US President Barack Obama holds a press conference at the conclusion of the APEC Summit in Lima, Peru, on Nov 20, 2016. PHOTO: REUTERS

DAMASCUS (AFP) - US President Barack Obama said he is "not optimistic" about Syria's future, as the UN warned time is running out to avoid a humanitarian catastrophe in Aleppo, which has been pounded by air strikes for nearly a week.

Government forces launched a ferocious assault last Tuesday (Nov 15) to recapture eastern Aleppo, killing 115 civilians so far. In fresh fighting on Sunday (Nov 20), at least eight children died when rebel rocket fire hit their school in the government-controlled west.

Mr Obama warned that Syria's second city was likely to fall, and that Russian and Iranian backing for Syrian leader Bashar al-Assad had made the situation untenable for the opposition.

"I am not optimistic about the short-term prospects in Syria," he said on Sunday at a summit of Asia-Pacific leaders in Lima.

"Once Russia and Iran made a decision to back Assad in a brutal air campaign... it was very hard to see a way in which even a trained and committed moderate opposition could hold its ground for long periods of time."

Mr Obama earlier on Sunday urged greater efforts to end the violence when he met Russian President Vladimir Putin at the Asia-Pacific Economic Cooperation forum.

But in Damascus, UN envoy Staffan de Mistura was rebuffed on a truce proposal that would allow the opposition to administer the city's rebel-held east.

"We are running out of time, we are running against time," Mr De Mistura said after meeting Foreign Minister Walid Muallem.

Mr Muallem said he had rejected the proposal, under which Islamist forces would leave and the government would recognise the opposition administration in the east which has been bombarded by air strikes, barrel bombs and artillery.

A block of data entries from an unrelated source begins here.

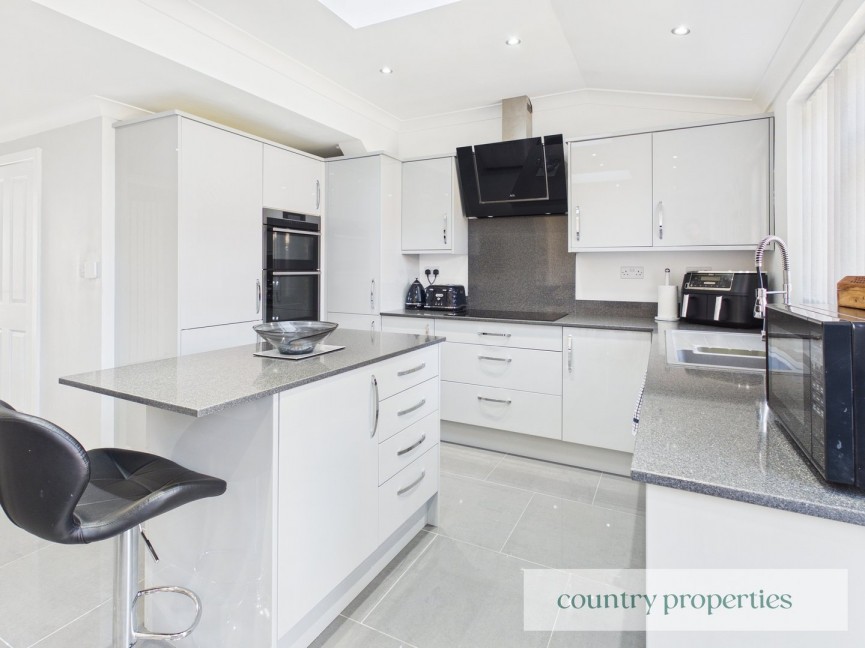 3 bedroom House for Sale Wheatley Close, Welwyn Garden City, Hertfordshire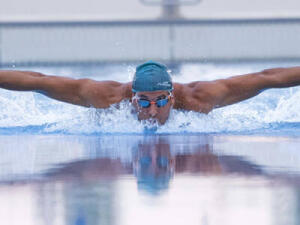 Régis, rédacteur natation pour la marque Nabaiji de Decathlon, en train de nager le papillon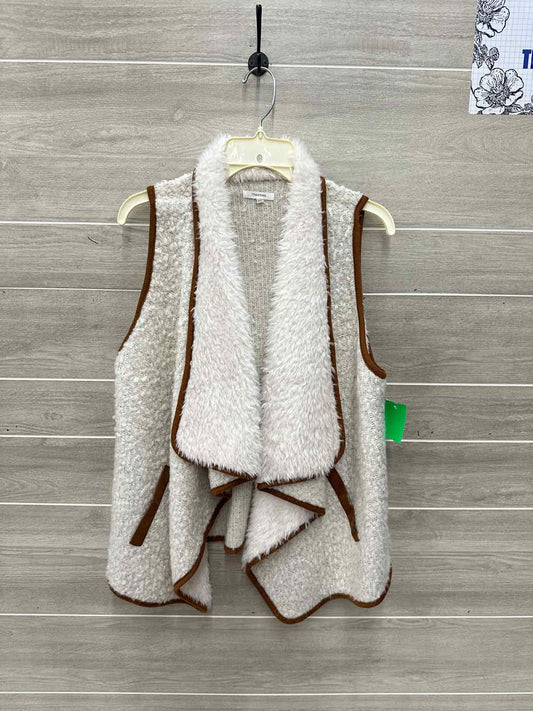 Maurices Size XS/S Cream Womens Vest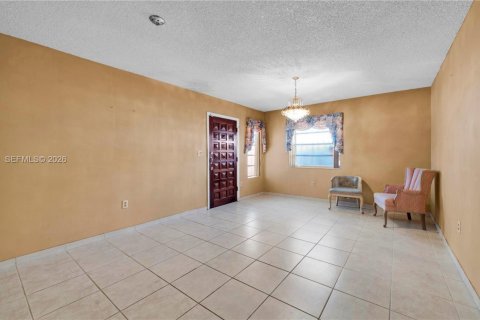 Propiedad comercial en venta en Miami, Florida, 173.17 m2 № 2009933 - foto 8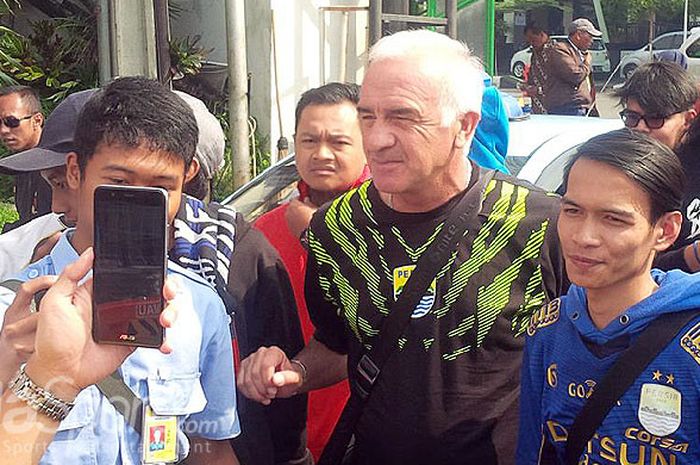  Pelatih Persib, Roberto Carlos Mario Gomez (tengah) berfoto bersama Bobotoh di Bandara Husein Sastranegara, Kota Bandung, Senin (16/4/2018).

"How is it possible that the UN wants to reward terrorists?" he asked.

Aid agencies fear that instead of a humanitarian or a political initiative, there will be "an acceleration of military activities" in eastern Aleppo and elsewhere, Mr De Mistura told journalists.

"By Christmas... due to military intensification, you will have the virtual collapse of what is left in eastern Aleppo; you may have 200,000 people moving towards Turkey - that would be a humanitarian catastrophe."

On Sunday, rebels retaliated with a barrage of rockets into government-held western Aleppo, state media said, hitting a primary school and killing at least eight children.

Syrian television showed bloodied and weeping children being treated in hospital, and an Agence France-Presse journalist saw pupils being rushed from the school after the attack.

But regime forces broke through into the city's north-eastern area of Massaken Hanano, sparking fierce clashes, the Syrian Observatory for Human Rights said.

It also reported heavy fighting as the army sought to gain ground in two eastern neighbourhoods.

The Britain-based monitoring group said at least 19 civilians, including five children, were killed in the east on Sunday. That brought to 115 the number of civilians killed since the bombardment resumed.

UN chief Ban Ki Moon condemned the indiscriminate shelling, saying it had killed and maimed civilians, destroyed schools and left the city's east without functioning hospitals.

"The Secretary-General reminds all parties to the conflict that targeting civilians and civilian infrastructure is a war crime," his office said in a statement.

"Those responsible for these and other atrocities in Syria, whoever and wherever they are, must one day be brought to account."

On Monday (Nov 21), the UN Security Council was scheduled to meet in New York to discuss humanitarian efforts in Syria. Last week, it decided to extend for another year a probe into chemical attacks in the country and who is responsible.

The regime offensive on eastern Aleppo has forced hospitals and schools to close and destroyed facilities for hard-pressed rescue workers.

Shelling on Friday (Nov 18) destroyed one of the last hospitals there and staff were also forced to evacuate the area's only children's hospital because of repeated attacks.

Russia, which intervened militarily last year, says it is not involved in the current assault on Aleppo, and is instead concentrating its firepower on opposition and Islamist forces in neighbouring Idlib province.

But Damascus and its allies have made clear they want rebels expelled from eastern Aleppo, which fell from regime control in mid-2012.

More than 250,000 people remain in eastern Aleppo, which has been sealed off since government forces surrounded it in mid-July. No aid has entered the east since then and the siege has created food and fuel shortages.

More than 300,000 people have been killed in Syria since the conflict began with anti-government protests in March 2011.